Unmotivated seniors fail at prank wars

April 16, 2015 — by Rachel Hull and Michelle Leung

After having been pranked ourselves, we knew we had to step it up. Unfortunately, as we’re second semester seniors, we quickly gave up on a more elaborate idea.

We knew it was war when we walked into the J-room and saw our faces displayed across the computer desktops. The desktop photos were unflattering, and we cringed upon seeing the humiliating portrayals of our sophomore and junior year selves.

Before that, we had only completed one small prank: getting sophomore Maya Prasad to open a fake cheese puff can with a springing snake inside. Her reaction was one of slight confusion — not exactly the terrified scream we had hoped for.

After having been pranked ourselves, we knew we had to step it up, and we were determined to carry out an elaborate revenge scheme involving rubber spiders, Saran wrap and fake homework. Unfortunately, as we’re second semester seniors, we quickly gave up on the idea.

We only sat back as the much more motivated underclassmen wreaked havoc on our lives.

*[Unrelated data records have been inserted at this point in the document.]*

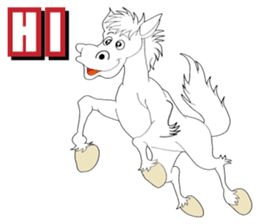 Hustle Horse Part2 sticker #8275673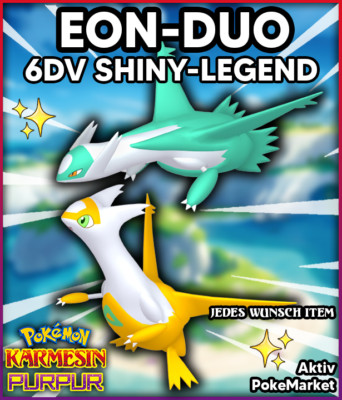 EON DUO   SHINY 6DV   Pokemon Karmesin und Purpur Lvl 100 Battle Ready + VGC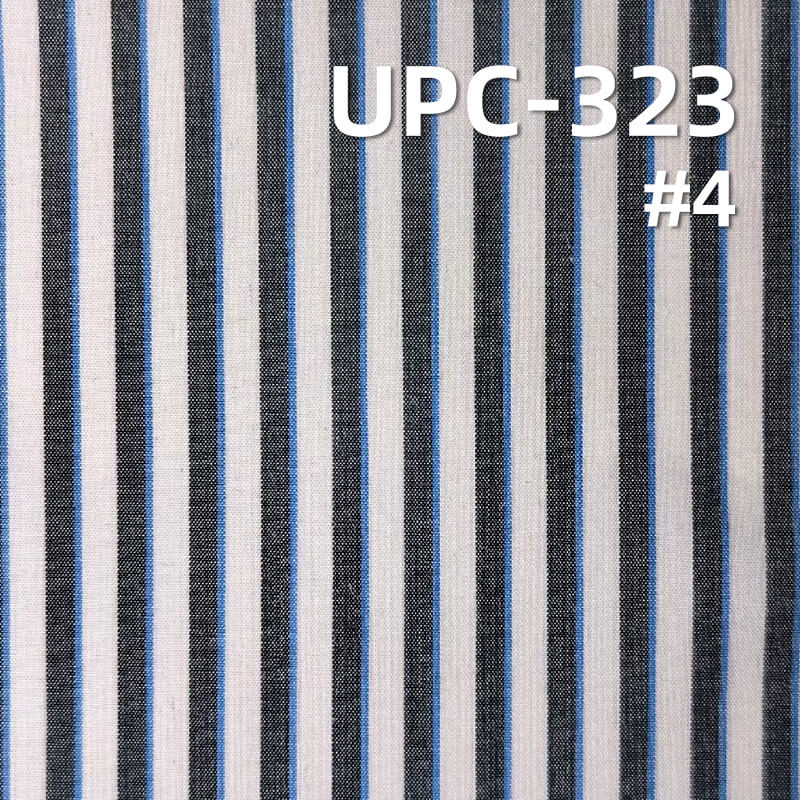 All-Cotton Yarn-Dyed Stripe Fabric | 110g/m2 Striped Plain Fabric | Fabric for Shirts & Dresses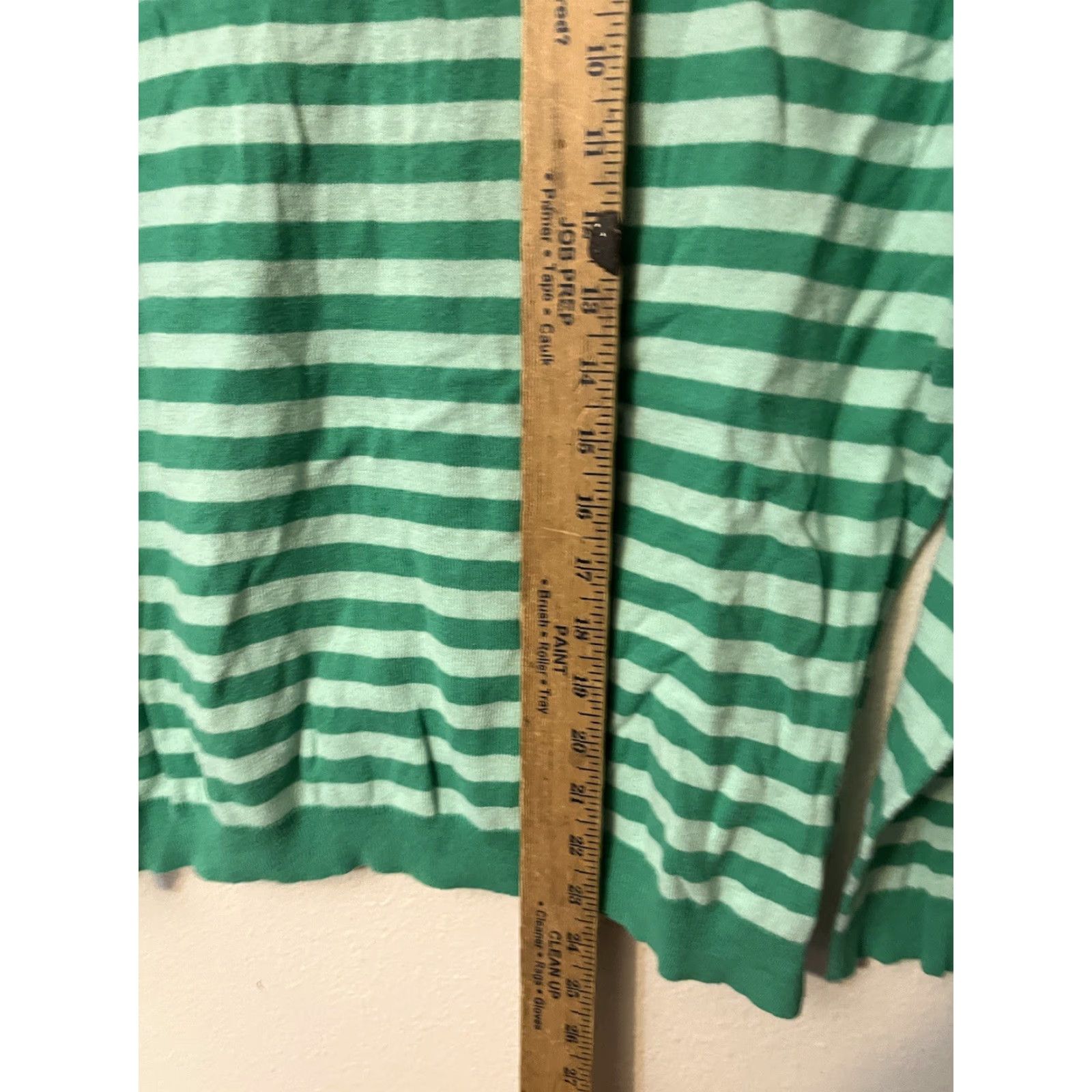 Old Navy Old Navy Womens Long Sleeve Crewneck Sweater L Green Striped Pullover Knit Shirt Womens Size L / US 10 / IT 46 - 4 Thumbnail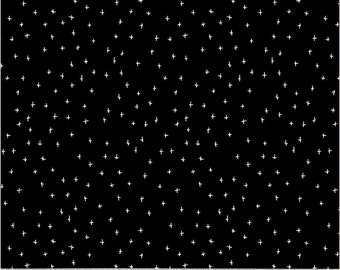 Shine Bright in Black from Bliss by Virginia Kraljevic for Windham Fabrics - 1 yard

Michelle walked unsuspectingly to the parking lot after school one day to find a parking ticket on the windshield of her car. Being a responsible student, she had never received a parking ticket before. She was horrified.

Her eyes scanned the ticket as she contemplated what it could be for — and then she noticed that it was signed by Maya and sophomore Jenny Qian. This traumatizing event further galvanized us to figure out how to get them back. (We later found out the prank was actually by sophomores Amulya Vadlakonda and Caitlin Ju. We spent all that effort planning revenge on the wrong team.)

An opportunity for payback presented itself one Friday evening, when an unknown number texted Michelle, thanking her for her subscription to “The Daily DiCaprio” and informing her that additional costs would be charged to her account. The text also included a sultry picture of Leonardo DiCaprio.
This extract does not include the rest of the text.